A Definition of Both
Marketing efficiency is optimizing how you do the right things. Marketing effectiveness is optimizing what you do so you do more of the right things.
What is Marketing Effectiveness?
Marketing effectiveness goes beyond generating a positive return on marketing investment. Ultimately, it is about creating long-term strategic value for the business: increasing profitability, gaining market share, and strengthening the brand.
To achieve these outcomes, you should seek to improve:
- Positioning
- Product/Service
- Audience
- Message
- Price
- Promotion (communication channels)
- Placement (distribution channels)
Here’s an example: Let’s say you’ve invested in an OTT (connected TV) campaign to increase brand awareness. You may have everything right (message, audience, channel, etc.) but unfortunately, the amount of money you can commit to the campaign would deliver insufficient reach and frequency. Should you proceed? If you do, your investment would be wasted because you wouldn’t have purchased enough reach and frequency to increase brand awareness.

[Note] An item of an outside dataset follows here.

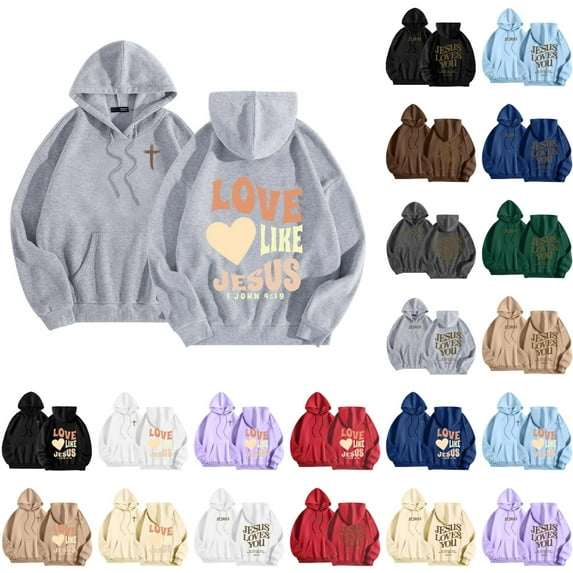Women Solid Basic Letter Loose Hoodie Sweatshirt Long Sleeve Kangaroo Pocket Drop Shoulder Pullovers Top Dark Gray M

Instead, to improve effectiveness, consider these options:
- Narrow your targeting to reduce the audience size until your current level of investment delivers acceptable reach and frequency (but will the audience still be large enough to be meaningful?).

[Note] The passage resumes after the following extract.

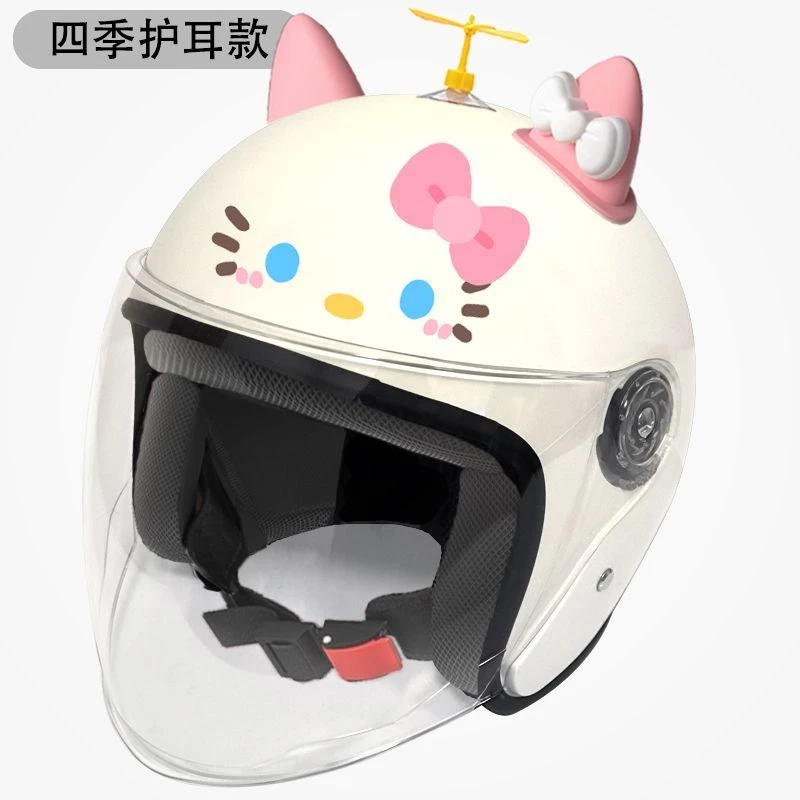 3C成人半盔电动车头盔女可爱春秋冬款通用长镜片hellokitty猫耳朵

- Increase your investment to achieve sufficient reach and frequency (but does the company have the capacity to properly invest?).
- Reallocate your investment to other tactics with the potential to move the needle on brand awareness. In other words, are there viable alternatives that you have the capacity to execute?.

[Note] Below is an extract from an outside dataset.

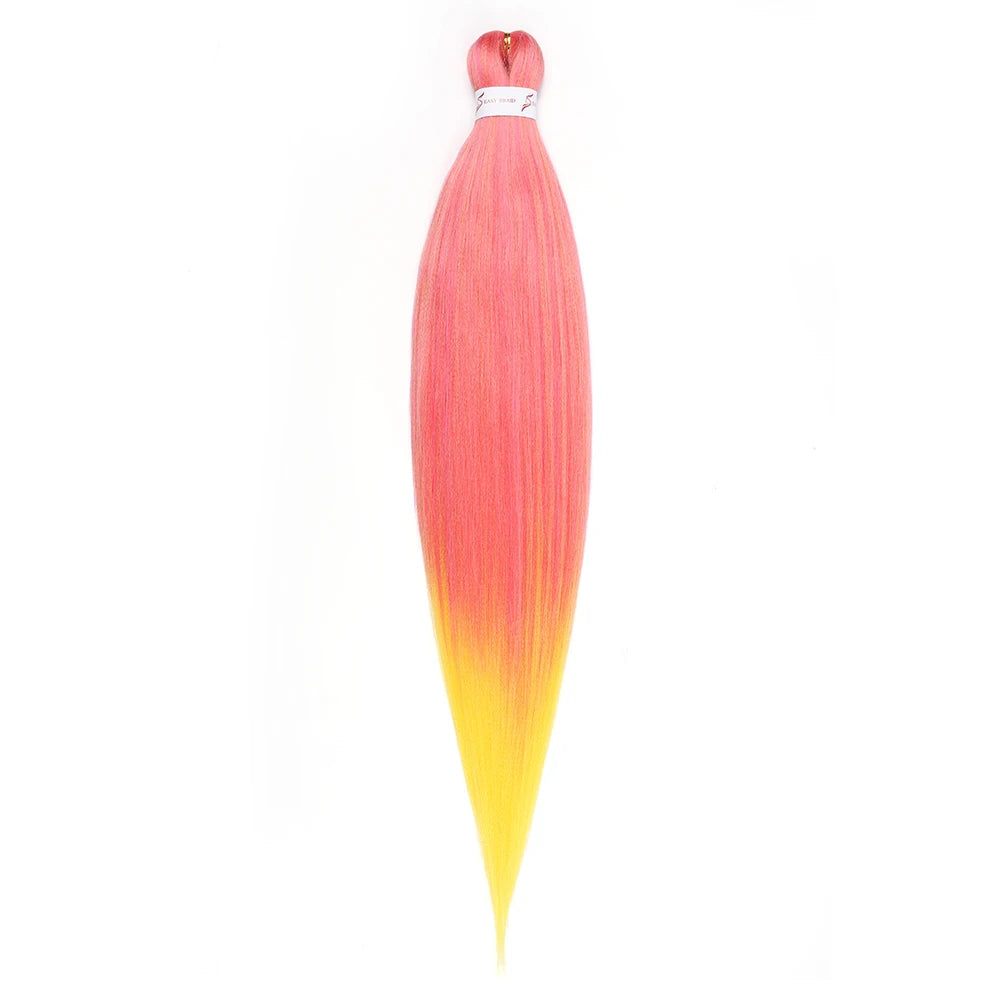 Pre-stretched Braids Hair Professional Itch Free Hot Water Setting Synthetic Fiber Ombre Yaki Texture Braid Hair Extensions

Each option has advantages and disadvantages, and many factors will affect how you make this decision.
What is Marketing Efficiency?
Performance indicators such as Cost per Acquisition and Conversion Rate are measurements of marketing efficiency. It's about squeezing every bit of performance out of your marketing tactics and campaigns.
Examples of initiatives to improve marketing efficiency:
- Reduce e-commerce cart abandonment
- Increase email open rate
- Improve SERP rankings for targeted keywords
- Increase CTR on paid search campaigns
- Lower acquisition costs
Let’s say 1% of the visitors to a campaign landing page convert. You hypothesize that an adjustment to the page layout will result in more conversions, and then you conduct an A/B test. You discover the new landing page layout converts 10% more visitors than the original landing page layout, so you implement it. That’s an improvement in marketing efficiency.
Define Measurements That Matter
To assess marketing effectiveness and efficiency, define Measurements That Matter (MTM). Measurements That Matter are not vanity metrics. MTMs lead to decisions and actions that create incremental value for the business. Here are some examples.
Measurements That Matter | |
---|---|
Marketing Effectiveness [Strategic] | Marketing Efficiency [Tactical] |
Market Share | Return on Investment |
Brand Strength | Cost of Acquisition |
Purchase Intent | Conversion Rate |
Lifetime Value | Clickthrough Rate |
For each MTM you define, you should be able to succinctly answer these questions:
- What measurement shall be used?
- Why is it the right measurement?
- What decisions will it help me make?
- What actions will it help me take?
- How shall it be measured?
- When shall it be measured?
- Who shall measure and report on it?
For marketing campaigns, we like to choose Measurements That Matter by plotting each campaign tactic on a map of the decision journey. This map becomes a powerful communication tool to educate stakeholders and establish a common definition for success.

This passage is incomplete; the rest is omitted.